Religion
- Affiliation: Islam
- District: Ashulia, Dhaka District
- Ownership: Mohd Idris Shakur
- Year consecrated: 2022
- Status: Active

Location
- Country: Bangladesh
- Interactive map of Zebun Nessa Mosque
- Administration: Ministry of Religious Affairs
- Coordinates: 23°54′01″N 90°19′38″E﻿ / ﻿23.9004°N 90.3272°E

Architecture
- Architect: Saiqa Iqbal Meghna
- Type: Neo-islamic
- Style: Islamic Architecture
- Funded by: Mohd Idris Shakur
- General contractor: Studio Morphogenesis Ltd.
- Groundbreaking: 2019
- Completed: 2023

Specifications
- Capacity: 6500+
- Dome: 01
- Site area: 6060 square feet

= Zebun Nessa Mosque =

Mosque in Dhaka, Bangladesh

The Zebun Nessa Mosque (জেবুন নেসা মসজিদ) is an urban mosque which is located in Ashulia on the outskirts of Dhaka, Bangladesh. The mosque is an architectural project designed by Studio Morphogenesis under the direction of Saiqa Iqbal Meghna. Completed in 2023, the mosque which covers an area of 6060 square feet was commissioned by a local textile factory owner Mohd Idris Shakur to honor his late mother.

== History ==
The mosque was commissioned by the land owner Mohd Idris Shakur, managing director of IDS Group, to honor his late mother, Zebun Nessa, and provide a sanctuary for the workers of Fashion Forum Limited, a nearby industrial complex under his ownership.
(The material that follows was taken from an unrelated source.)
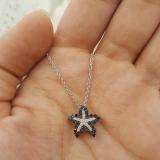 0.36 Carat White Gold Round Black and White Diamond Ladies Starfish Pendant 1/3 CT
Its construction work was formally started in 2022. The mosque was designed by Studio Morphogenesis under the leadership of Saiqa Iqbal Meghna, with the construction ending in 2023.

== Architecture ==
The mosque was designed in a pink concrete in order to soften the harsh industrial surroundings along with reflecting the traditional terracotta tones of Bengal's Mughal architecture. On the exterior, red cement and broken bricks are organized to form mosaic-style flooring and sloping surface. The mosque which is situated at the bank of a lake is elevated on a high plinth, inspired by vernacular structures built on mounds to protect against flooding. It is a square base surrounding a circular prayer hall. Four enclosed gardens serve as light courts that enhance natural illumination and ventilation. There is a huge thin shell dome in the middle of the quadrangular structure of the mosque.

== Features ==
Unlike conventional mosques, the qibla wall features a wide arched opening that frames views of an adjacent waterbody. A translucent glass mihrab refracts light over a shallow waterbody within the mosque. A crescent-shaped mezzanine floor provides a prayer space for women, accessible via a sculptural spiral staircase wrapped around a Chhatim tree. The ablution space features turquoise mosaic flooring and uses recycled water for landscaping, creating a closed-loop system.

== Recognition ==
Zebun Nessa Mosque was listed as the World's Greatest Places of 2025 by Time Magazine for its architectural beauty. With this, the mosque became the first Bangladeshi architecture to earn a place in the Time's World's Greatest Places.